Just as a decreasing number of Americans still have the jingle “Winston tastes good like a cigarette should” etched in a corner of their minds, some people still claim—in all seriousness—that The New York Times is the “paper of record.” It’s fairly beyond dispute that the percentage of media consumers under the age of 30 don’t cling to that opinion about the Times, let alone even recognize the famous motto pushed by the paper, and so, inevitably, one day it’ll die out. Probably not in my lifetime, for even as the Times, like other print dailies, slides into niche-status—not unlike vinyl recordings—steadfast loyalists will warble, “If it’s in the Times, it must be true.”
At this point, I read the Times’ op-ed section in print only on Sundays, which normally would be neither here nor there, but on Feb. 10 Maureen Dowd’s concluding paragraph in her column about George Bush’s hacked paintings (she was charitable, even enthusiastic) verified my not especially original theory that longtime Times staffers are rather delusional about the pull the paper has. She wrote: “The rule of thumb in Washington used to be: Don’t do anything that you wouldn’t want to see printed on the front page of The New York Times. The new rule is: Don’t send an e-mail you wouldn’t want to see printed on the front page of The New York Times. (Especially if you work here.)”
Leave aside the reality that the number of men and women working at the Times will continue to dwindle as the decade proceeds, and consider Dowd’s completely anachronistic train of thought. For the truth is that almost no one relies on the print version of the Times to discover breaking news, since any such story was available online half a day earlier—either on the Times’ own website or other venues—and, in fact, the national edition (which I still get delivered; my wife is a traditionalist and enjoys fiddling with the crossword puzzle each morning) is almost worthless for any time-related articles.
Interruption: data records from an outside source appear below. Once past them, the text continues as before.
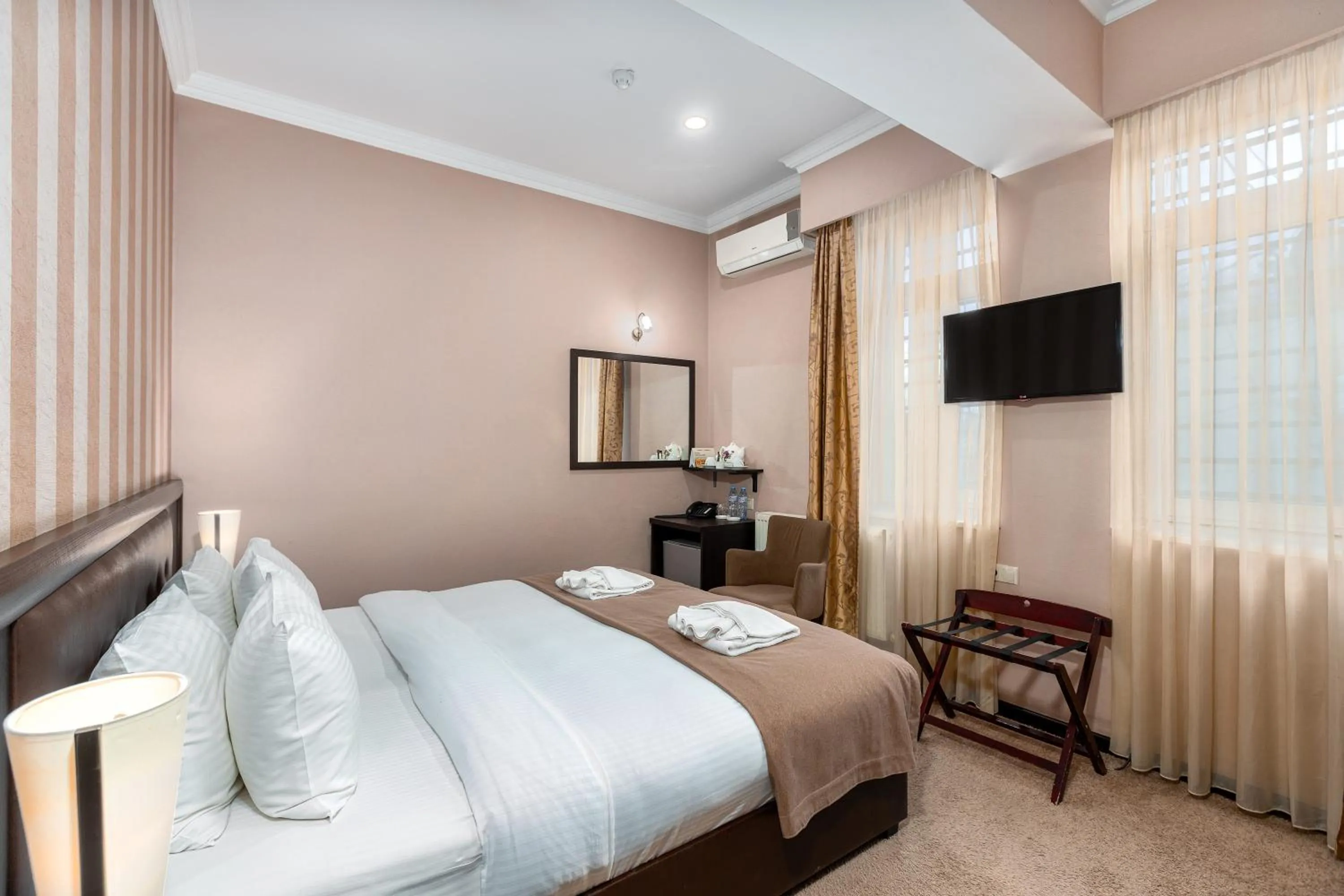 Bed in Kalasi Hotel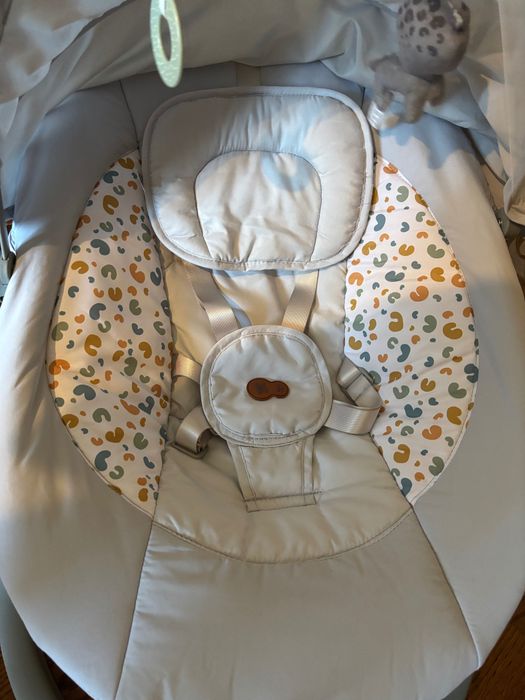 Продам шезлонг-гойдалка Kinderkraft Lumi 2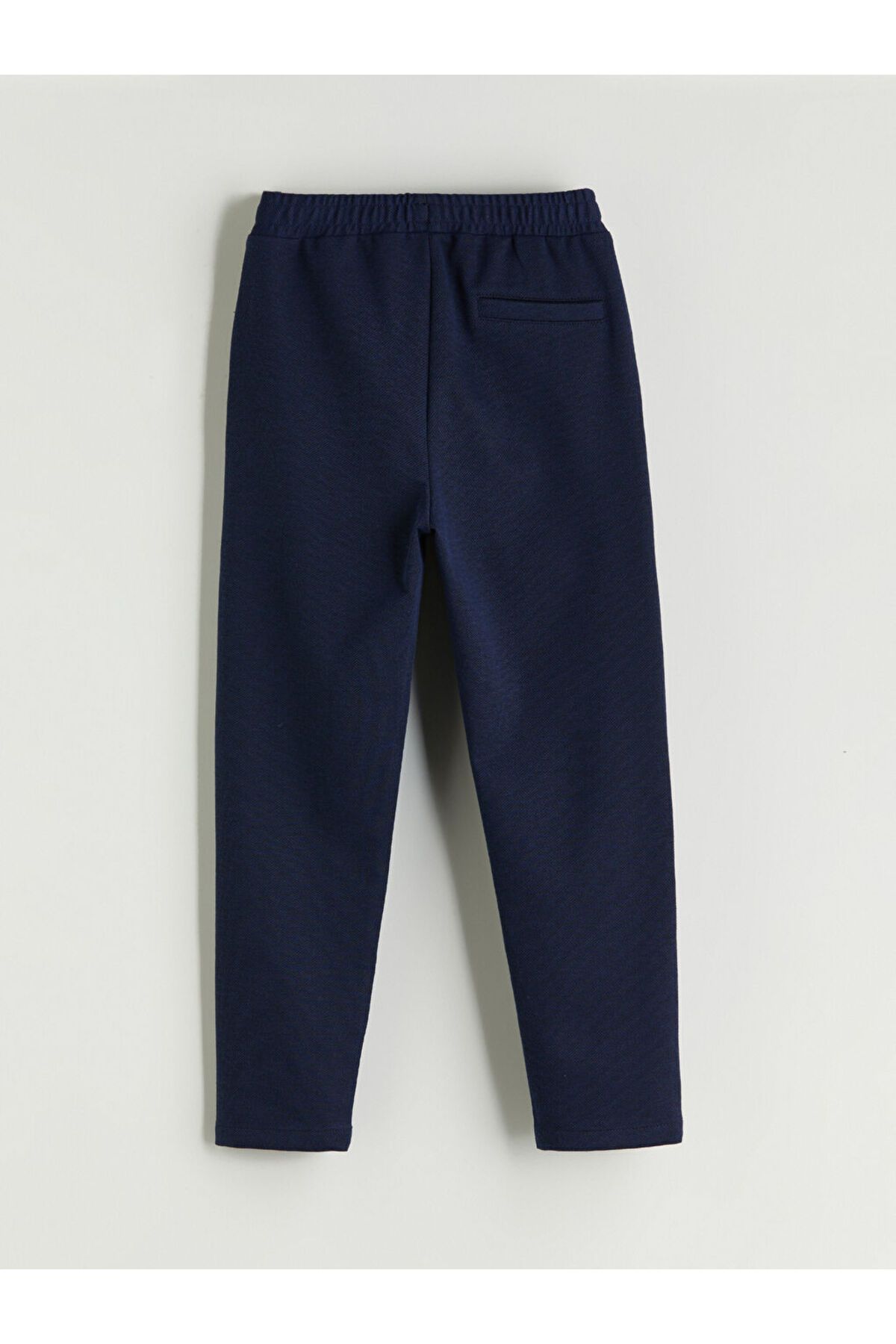 LC Waikiki-Create Your Style from Uzg Store |   Textured Boy's Trousers with Elastic Waist 3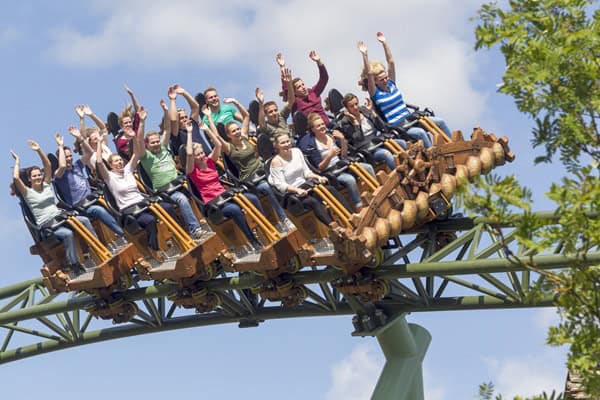 Kinder haben Spaß im Hansa Park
So, really, this whole “paper of record” business is now just a red herring, or, more kindly, a quaint relic of the past. As Dowd presumably understands, the era in which readers went to exclusively to one paper— the Times, Washington Post, Wall Street Journal or Los Angeles Times—for their first scan of the day’s news is over. Some, whether they’ll admit or not, go to Twitter, Real Clear Politics, Gawker, Facebook or even The Huffington Post before visiting a daily’s homepage. And apparently, a not inconsiderable number, God help them, click on Ezra Klein’s “Wonkblog” to confirm their political points of view. It’s understandable that Dowd pines for the days when she did break stories—I remember picking up the Times in an Atlanta hotel in the fall of ’87 when she doomed Joe Biden’s presidential hopes by igniting his plagiarism scandal on the front page and saying to a buddy, “Holy shit!”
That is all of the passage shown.